To find the surface area and volume of a pentagonal pyramid with an apothem of 3√2 and a height of 3, we need to use several formulas.
The apothem of a regular pentagon is the distance from the center of the pentagon to the midpoint of one of its sides. The area of a regular pentagon with side length s and apothem a is given by the formula:
A = (5/2) × s × a
The volume of a pyramid is given by the formula:
V = (1/3) × A × h
where A is the base area of the pyramid and h is the height of the pyramid.
To find the surface area of the pentagonal pyramid, we need to find the area of each face and add them together. Each face of the pentagonal pyramid is a triangle with one side as the base of the pyramid and the other two sides as the slant height of the pyramid.
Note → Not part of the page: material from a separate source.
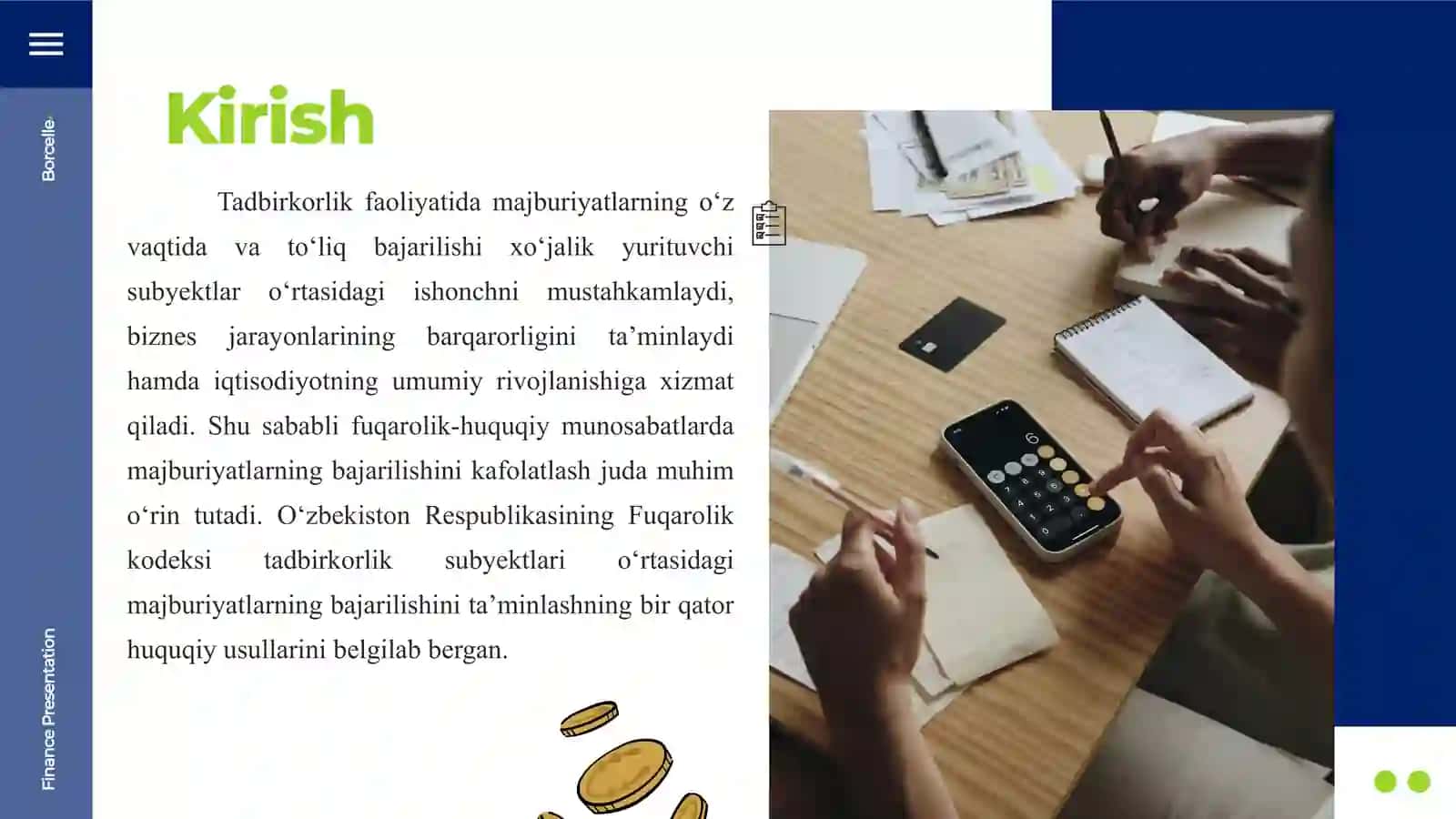 TADBIRKORLIK SOHASIDA MAJBURIYATLARNING BAJARILISHINI TA’MINLASH USULLARI 2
The slant height can be found using the Pythagorean theorem:
l = √(h^2 + a^2)
where h is the height of the pyramid and a is the apothem of the base.
Substituting the given values, we get:
l = √(3^2 + (3√2)^2)
l = √(9 + 18)
l = √27
l = 3√3
The base of the pyramid is a regular pentagon, so we can find its area using the formula:
A = (5/2) × s × a
where s is the length of one side of the pentagon.
The apothem of the pentagon is given as 3√2, so we can find the length of one side using the apothem and the formula for the apothem of a regular pentagon:
a = s / (2√(5-2√5))
3√2 = s / (2√(5-2√5))
s = 6√(5-2√5)
Therefore, the base area of the pyramid is:
A = (5/2) × s × a
A = (5/2) × 6√(5-2√5) × 3√2
A ≈ 31.18
To find the surface area of the pyramid, we need to find the area of each of the five triangular faces. Each face has the same base area A and the same slant height l, so we can use the formula for the area of a triangle:
A = (1/2) × b × h
where b is the length of the base and h is the height of the triangle (which is the slant height of the pyramid).
Substituting the given values, we get:
A = (1/2) × A × l
A = (1/2) × 31.18 × 3√3
A ≈ 26.83
Since there are five triangular faces, the total surface area of the pentagonal pyramid is:
S = 5 × A
S ≈ 134.13
To find the volume of the pyramid, we can use the formula:
V = (1/3) × A × h
Substituting the given values, we get:
V = (1/3) × 31.18 × 3
V ≈ 31.18
Therefore, the surface area of the pentagonal pyramid is approximately 134.13 square units, and the volume of the pyramid is approximately 31.18 cubic units.